Cuando papá compró el Orión, pensamos que era el fin de las desventuras automovilísticas, pero no fue así. Yo digo que si en algún momento del viaje no nos lleva la grúa, entonces no somos nosotros. Desde un problema en el termostato, hasta una pieza fundida por un rulemán mal puesto. Ese error del mecánico nos costó tres días en Santa Rosa. Salimos de Buenos Aires un sábado, para llegar a Bariloche un domingo, y llegamos un miércoles. Este año tampoco nos salvamos. Pensábamos que estábamos invictos, que por fin habíamos roto la racha, pero en Neuquen la cosa se complicó. Marcelo manejaba el auto, y el olor a nafta empezaba a invadirnos. Alegamos que era una estación de servicio cercana, y le echamos la culpa al auto de al lado, pero éramos nosotros. ¡Perdíamos nafta! Nos bajamos del auto rápidamente, ésta vez el filtro se había pinchado.
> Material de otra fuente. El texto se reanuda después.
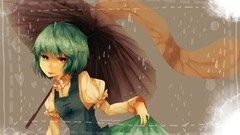 Woman touhou blue hair
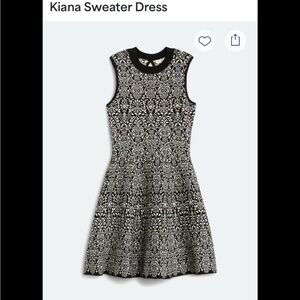Kasper Black & White Jacquard Sleeveless Dress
Más allá de todo, las vacaciones fueron buenas. ¿Qué gracia tendría la monotonía de viajar en avión? ¿De vivir y comer en hoteles? ¿De que la carpa no se te llueva, no se te desmorone, que el auto no se te rompa, y las piernas no se te duerman...? Al menos nosotros vamos a tener anécdotas para contarle a nuestros hijos, y a nuestros nietos.